Let $f:B^n_1 \to \Bbb{R}$ defined on the n dimensional ball of radiu $1$. If $f\in C^1$. and $f(0) = 0$.
Can we prove that $$\int_{B_1}|f|^2 \le C\int_{B_1}|\nabla f|^2 +C'$$
If assume further that $m(\{x:|f(x)|\le 1\})\ge \delta |B_1|$ for some constant $\delta >0$ which independent on the choice of $f$.
Can we prove $$\int_{B_1}|f|^2 \le C\int_{B_1}|\nabla f|^2 + C'$$ then?
I should made the statement more formal, for the second version,we have :
Theorem. For any $\varepsilon>0$ there exists a $ C=C(\varepsilon, n)$ such that for $u \in H^{1}\left(B_{1}\right)$ with $$ \left|\left\{x \in B_{1} ; u=0\right\}\right| \geq \varepsilon\left|B_{1}\right| \quad \text { there holds } \int_{B_{1}} u^{2} \leq C \int_{B_{1}}|D u|^{2} $$
The proof is similar to the proof for the poincare wirtinger inequality on Evan's PDE book. This proof can also be found on Q. Han and F. Lin, Elliptic partial differential equations. 4.8.

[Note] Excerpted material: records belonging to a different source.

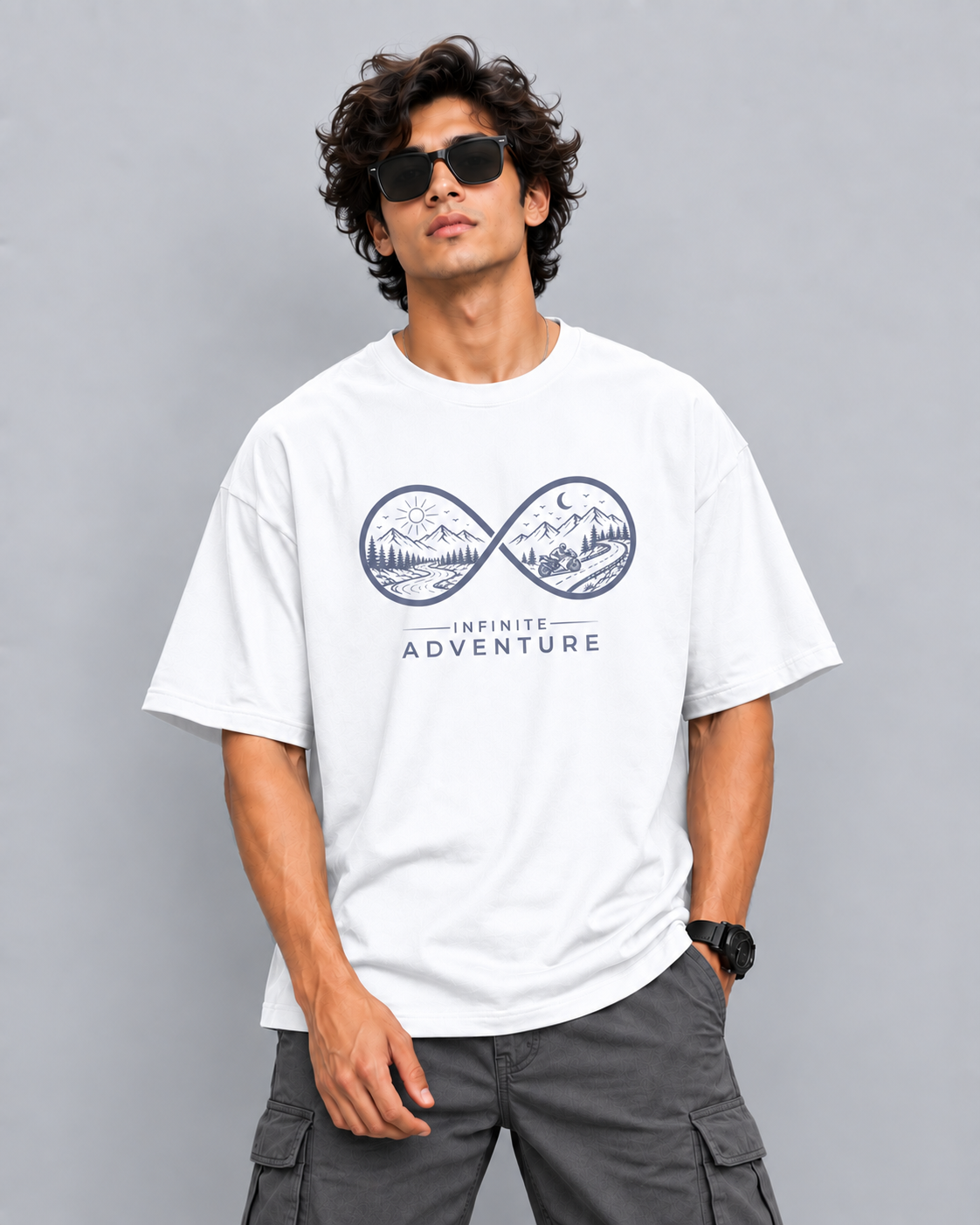 Infinite Adventure Oversized T-Shirt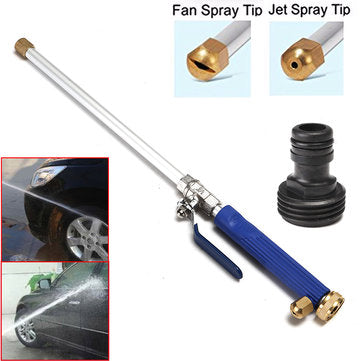 High Pressure Washer Garden Car Wash Spray Nozzle Water Guns Hose with 2 Spray Tips
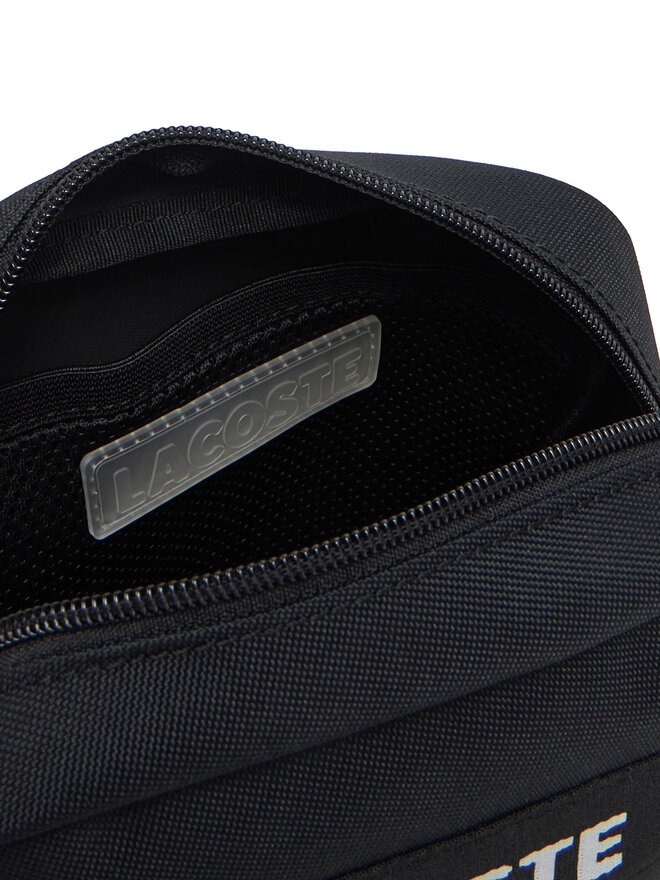 Lacoste Τσαντάκι Lacoste NU4686NZ Μαύρο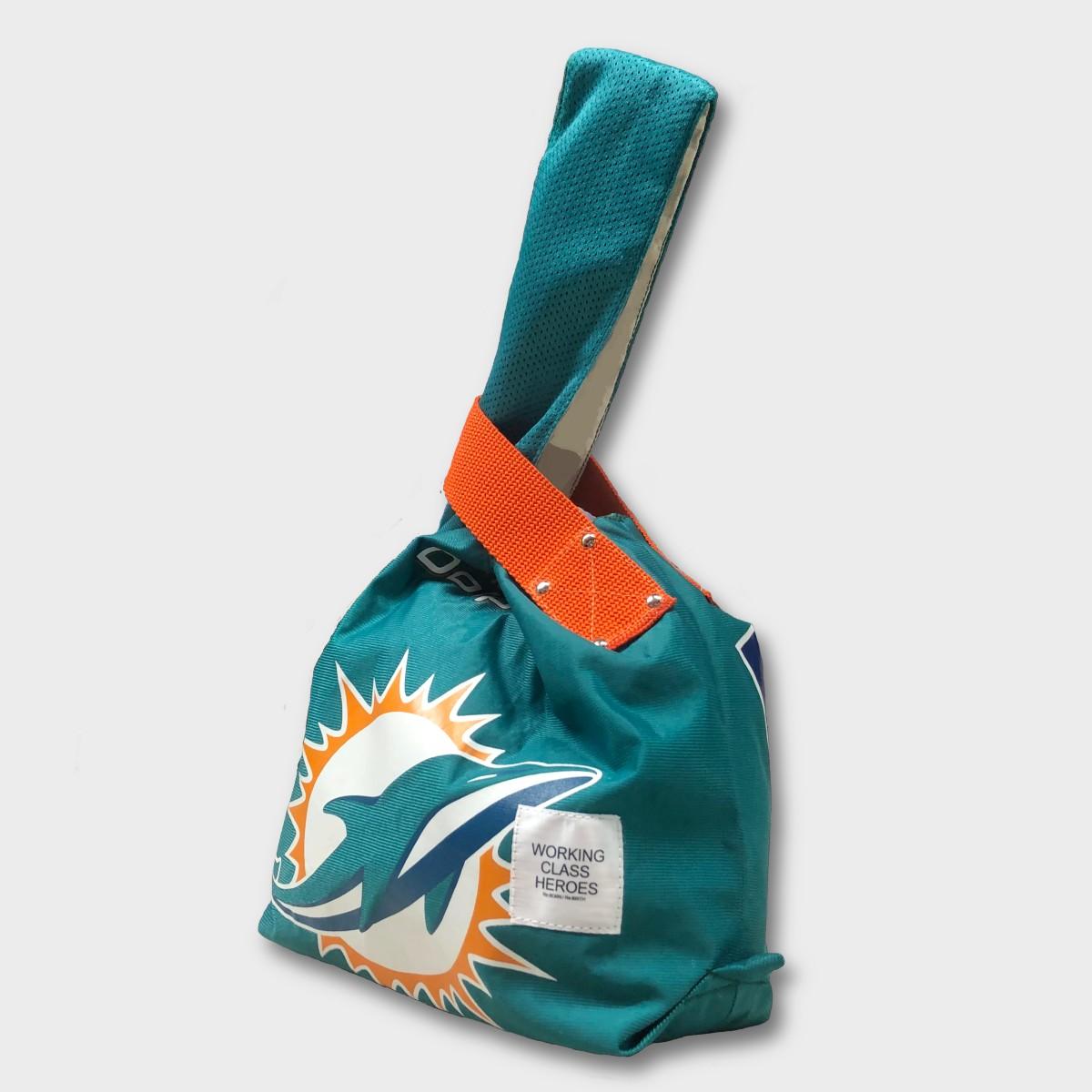 "Re;make" football game shirt SHIJIMI Bag -MIA green | 3枚目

With slight modification, we can prove the following result :
Theorem For any $\varepsilon>0$ there exists a $ C=C(\varepsilon, n)$ such that for $u \in H^{1}\left(B_{1}\right)$ with $$ \left|\left\{x \in B_{1} ; |u|<\frac{1}{2}\right\}\right| \geq \varepsilon\left|B_{1}\right| \quad \text { there holds } \int_{B_{1}} u^{2} \leq C \int_{B_{1}}|D u|^{2} $$
Proof. Suppose not. Then there exists a sequence $\left\{u_{m}\right\} \subset H^{1}\left(B_{1}\right)$ such that $\left|\left\{x \in B_{1} ; |u_{m}|<\frac{1}{2}\right\}\right| \geq \varepsilon\left|B_{1}\right|, \quad \int_{B_{1}} u_{m}^{2}=1, \quad \int_{B_{1}}\left|D u_{m}\right|^{2} \rightarrow 0$ as $m \rightarrow \infty$ Hence we may assume $u_{m} \rightarrow u_{0} \in H^{1}\left(B_{1}\right)$ strongly in $L^{2}\left(B_{1}\right)$ and weakly in $H^{1}\left(B_{1}\right)$(Using the Sobolev embedding). Clearly $u_{0}$ is a nonzero constant,and $|u_0| > \frac{1}{2}$
which is constant since $Du =0$ by the fact that $Du_m \to 0$ in $L^2$ , it's non-zero since $\|u_m\| = 1 $ so the limit in $L^2$ can not have zero $L^2$ norm. since $\|u_0\|_{L^2(B_1)} =1$, therefore $|u_0|> \frac{1}{2}$ .
So:
$$ \begin{aligned} 0=\lim _{m \rightarrow \infty} \int_{B_{1}}\left|u_{m}-u_{0}\right|^{2} & \geq \lim _{m \rightarrow \infty} \int_{\left\{|u_{m}|<\frac{1}{2}\right\}}\left|u_{m}-u_{0}\right|^{2} \\ & \geq (|u_0| - \frac{1}{2})^2 \inf_m|\{x:|u_m|<\frac{1}{2}\}| >0 \end{aligned} $$ Contradiction.